The practice of law will in essence be stripped of all that is routine, leaving only the exceptional problems left for lawyers to solve.
For lawyers, this means any previous billable work that lawyers have done that they were overqualified to do will be going, going, gone. The practice of law will in essence be stripped of all that is routine, leaving only the exceptional problems left for lawyers to solve. And the truly successful ones will realize that and figure out how to use automation and AI tools to best solve them.
Which leads to lesson two. When you realize the implications of lawyering to the exceptional, the immediate knee jerk reaction is doom and gloom: we already have too many lawyers and not enough work. We have a manpower hangover from the days when we could leverage matters with lawyers and bill with impunity for anything and everything. We hired legions of lawyers based on these principles. But clients are more and more unwilling to pay for any excess and this will only accelerate in the digital world. We already need less lawyers. What will we all do in the future?
To get the exceptional lawyer the information he or she needs to solve exceptional problems, we will need new specialists to mine data and create the automation and AI tools
But think about how work will get done in the future. To best solve the exceptional problem, tomorrow’s lawyers will need to have information. And to get the exceptional lawyer the information he or she needs to solve exceptional problems, we will need new specialists to mine data and create automation and AI tools. Barrenechea, in his keynote, identified some of these roles for businesses and, for that matter, law firms. They are such specialists as data scientists, data officers, developers of apps and tools and digital nomads who can work anywhere and everywhere to supply our needs to name just a few.

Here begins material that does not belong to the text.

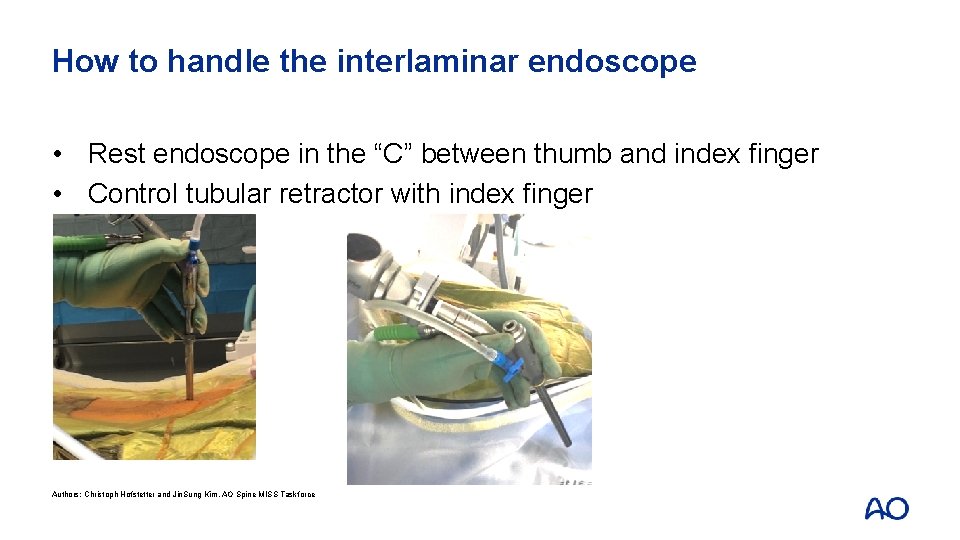 How to handle the interlaminar endoscope • Rest endoscope in the “C” between thumb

We won’t be able to look down our proverbial noses at the “non-lawyers” and instead will have to bring them in as full partners
But law firms will have to do a cultural shift and recognize the value of these new roles. We won’t be able to look down our proverbial noses at the “non-lawyers” and instead will have to bring them in as full partners (Not necessarily legally but culturally. Although legally may be coming too). We will have to value and pay these new players and treat them in every respect as our equals. That may be hard for many of us. But it will be the only way to survive in the new world.
Which brings me to last lesson and perhaps most important lesson. Barrenechea yesterday said every business has to think of what it does differently than in the past. Barrenechea believes all businesses are or soon will be information companies.
Having all the information and understanding what it means will be table stakes for future lawyers
What does this mean for lawyers? If we want to manage to the exceptional, we will have to have every possible piece of information at our disposal to compete. Success will depend on judgment and advice based not on intuition or wild ass guesses but on data and information. Having all the information and understanding what it means will be table stakes for future lawyers. So, yes, lawyers—in-house or in law firms—will be also be in the information business: obtaining, accessing and understanding the information needed to make informed judgements about the exceptional. And getting our arms around the ever expounding information and data will call for the specialists outlined above and a different way of thinking about what we do and how we solve problems.
We are no longer in the legal business. We are in the information business. Get over it.